D'altra parte, poiché le norme statutarie hanno ripartito le funzioni fra lo Stato e la Regione sarda in modo che gli usi delle acque marittime sono riservati alla disciplina dello Stato - che é l'unico soggetto del demanio marittimo - mentre gli interessi della pesca sono stati affidati alla competenza esclusiva della Regione, é ovvia l'esigenza d'una stretta collaborazione fra lo Stato, che regola le acque lagunari, e la Regione sarda, che regola l'attività della pesca.

Ma questa collaborazione fra lo Stato e la Regione é del tutto normale nel sistema delle nostre autonomie, sia che si tratti d'attività legislativa, sia che si tratti d'attività amministrativa. In questi campi la legislazione dello Stato, che tenga conto opportunamente della competenza della Regione e della sua legislazione - del resto le leggi dello Stato si applicano nelle materie attribuite alla competenza della Regione sarda quando non sia diversamente disposto con leggi regionali - può facilmente superare le difficoltà che derivano dal fatto che due enti diversi esercitano funzioni diverse sullo stesso bene.

Perciò può sembrare più prudente che in questi campi d'attività mista la Regione prenda magari l'iniziativa di un'adeguata disciplina legislativa statale (art. 121 della Costituzione), piuttosto che correre il rischio di legiferare invano, fuori del campo della propria competenza.
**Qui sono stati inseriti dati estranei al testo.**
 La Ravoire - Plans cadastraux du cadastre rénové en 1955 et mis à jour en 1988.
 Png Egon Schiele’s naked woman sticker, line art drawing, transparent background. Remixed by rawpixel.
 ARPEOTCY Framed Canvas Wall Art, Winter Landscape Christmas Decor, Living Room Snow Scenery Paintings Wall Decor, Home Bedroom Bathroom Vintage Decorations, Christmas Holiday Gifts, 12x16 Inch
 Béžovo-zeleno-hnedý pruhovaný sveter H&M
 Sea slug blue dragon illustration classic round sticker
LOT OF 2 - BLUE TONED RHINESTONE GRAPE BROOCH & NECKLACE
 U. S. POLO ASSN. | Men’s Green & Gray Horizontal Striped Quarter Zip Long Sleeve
Poiché entro i limiti dell'interpretazione sopra esposta la norma dell'art. 5 della legge regionale in esame é costituzionalmente legittima, non occorre pronunciare l'inefficacia della norma stessa per l'eventualità di altre interpretazioni.

 

PER QUESTI MOTIVI

LA CORTE COSTITUZIONALE

 

in parziale accoglimento del ricorso del Presidente del Consiglio dei Ministri:

dichiara l'illegittimità costituzionale delle disposizioni del secondo e del terzo comma dell'art. 3 della legge approvata dal Consiglio regionale sardo il 2 marzo 1956, recante norme per l'abolizione dei diritti esclusivi perpetui di pesca e per disciplinare l'esercizio della pesca nelle acque interne e lagunari della Sardegna, in riferimento agli artt. 3 e 4 dello Statuto speciale per la Sardegna.
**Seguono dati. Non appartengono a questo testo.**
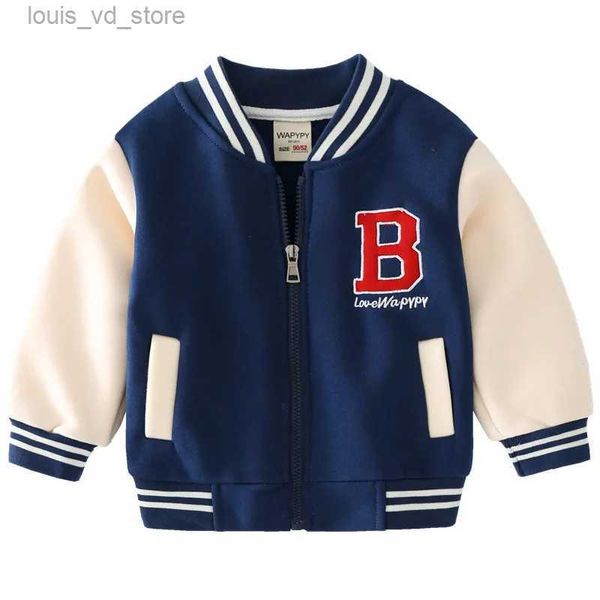 Vestes 2023 automne hiver garçons veste à glissière enfants polaire vêtements d'extérieur bébé broderie lettres Baseball uniforme enfants col en v décontracté haut T231204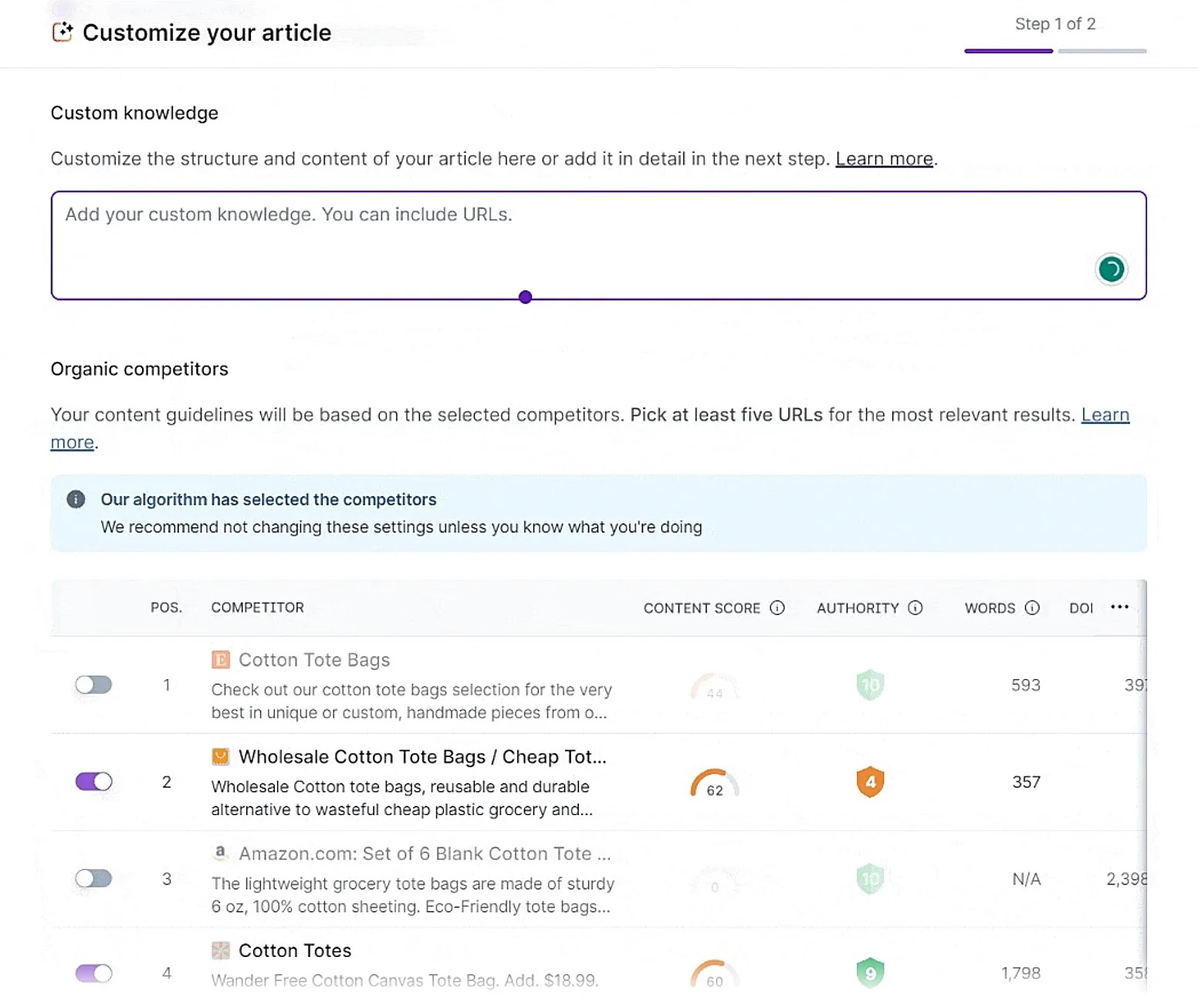 "Customize your article" section of the Surfer tool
Così deciso in Roma, nella sede della Corte costituzionale, Palazzo della Consulta, l'8 luglio 1958.

 

Tomaso PERASSI - Giuseppe CAPPI - Gaspare AMBROSINI - Ernesto BATTAGLINI - Mario COSATTI - Francesco PANTALEO GABRIELI - Giuseppe CASTELLI AVOLIO - Antonino PAPALDO - Mario BRACCI - Nicola JAEGER - Giovanni CASSANDRO - Biagio PETROCELLI - Antonio MANCA - Aldo SANDULLI 

 

Depositata in cancelleria il 14 luglio 1958.